At the time it would have been legal for the abortion doctor to kill a fetus born live during an abortion procedure. A common method was strangulation. Jessen, however, was spared by a coincidence – the doctor was not present in the facility and one of the nurses called an ambulance.
“Had he been there, he would have killed me,” Jessen said. “But a nurse called an emergency room. They took me to the hospital and put me in an incubator. I weighed 2 pounds and they said I would not live. But I just kept on living.”

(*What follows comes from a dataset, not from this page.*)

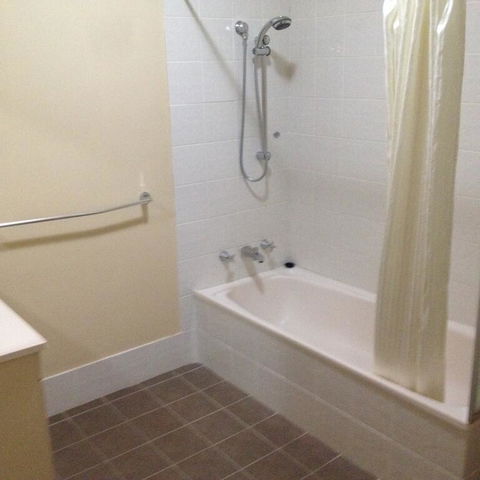 Oxley Court Serviced Apartments - Cruises Travel 3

Jessen was put up for adoption and was given to an adoptive mother, who was told that Gianna would probably never progress beyond a vegetative state. Yet, with physical therapy, the baby soon began to respond, and with the exception of cerebral palsy which has given her a noticeable limp, Jessen is a fully normal adult.
“I am not a victim,” Jessen said. “I have the gift of cerebral palsy because I survived an abortion.”

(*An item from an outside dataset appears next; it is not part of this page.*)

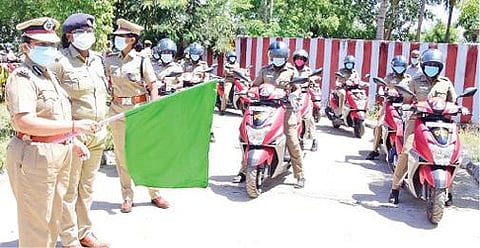 திண்டுக்கல்லில் பெண்கள், குழந்தைகள் பாதுகாப்புக்கான ‘தோழி’ திட்டத்தை தொடங்கி வைத்த டி.ஐ.ஜி. விஜயகுமாரி. உடன் மாவட்ட காவல் கண்காணிப்பாளர் ரவளிபிரியா.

She said her handicap has been a source of strength, and overcoming it has led to great moments in her life. She has even run two marathons. She now travels around the country telling her story. At one event, her biological mother, attended. The woman, Jessen said, was scarred by the experience she endured 30 years ago. Jessen said she has forgiven her.
Born Alive Act
Jessen said that her greatest moment was finally ensuring that other children born as she was would be protected. The killing of fetuses born alive during an abortion procedure was still legal in America until 2002. But that year, Jessen stood next to President Bush as he signed the Born Alive Act, mandating that any fetus born alive as a result of a failed abortion be protected as a human being.
Jessen said that it is not fashionable to praise President Bush in this day and age, but she offered nothing but that for the 43rd President. As he hugged her following the ceremony, he called her a “sweet girl.” She said she had never had a father figure in her entire life, but at that moment, he held her as a father would.
Jessen said that the current president “is very aware of me” since she starred in some campaign commercials against him. While he was in the Illinois State Senate, Barack Obama voted four times against a version of the Born Alive Act there.
Nonetheless, Jessen led the crowd of 1,200 in Thursday night’s dinner to pray for the administration so that leaders would have a change of heart on the issue.